Data listing —
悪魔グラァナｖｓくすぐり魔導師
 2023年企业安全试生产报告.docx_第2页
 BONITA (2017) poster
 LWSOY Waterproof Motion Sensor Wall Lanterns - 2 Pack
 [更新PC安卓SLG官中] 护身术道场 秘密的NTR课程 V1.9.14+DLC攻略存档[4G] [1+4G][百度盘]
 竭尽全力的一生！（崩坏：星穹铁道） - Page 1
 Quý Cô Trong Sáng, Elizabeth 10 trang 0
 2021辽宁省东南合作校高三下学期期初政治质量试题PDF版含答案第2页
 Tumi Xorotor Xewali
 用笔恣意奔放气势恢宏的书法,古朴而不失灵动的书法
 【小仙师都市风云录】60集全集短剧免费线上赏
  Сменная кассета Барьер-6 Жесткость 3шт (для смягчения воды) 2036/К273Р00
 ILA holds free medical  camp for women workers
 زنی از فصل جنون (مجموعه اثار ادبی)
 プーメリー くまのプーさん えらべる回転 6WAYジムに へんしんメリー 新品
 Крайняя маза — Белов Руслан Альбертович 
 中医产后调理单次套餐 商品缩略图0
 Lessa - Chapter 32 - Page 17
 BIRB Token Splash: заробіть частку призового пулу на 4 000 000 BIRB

What the task asks — What's needed is a word-for-word copy of the lines from the one holding "中医产后调理单次套餐 商品缩略图0" through the final line of the data.

Solution to this task —
 中医产后调理单次套餐 商品缩略图0
 Lessa - Chapter 32 - Page 17
 BIRB Token Splash: заробіть частку призового пулу на 4 000 000 BIRB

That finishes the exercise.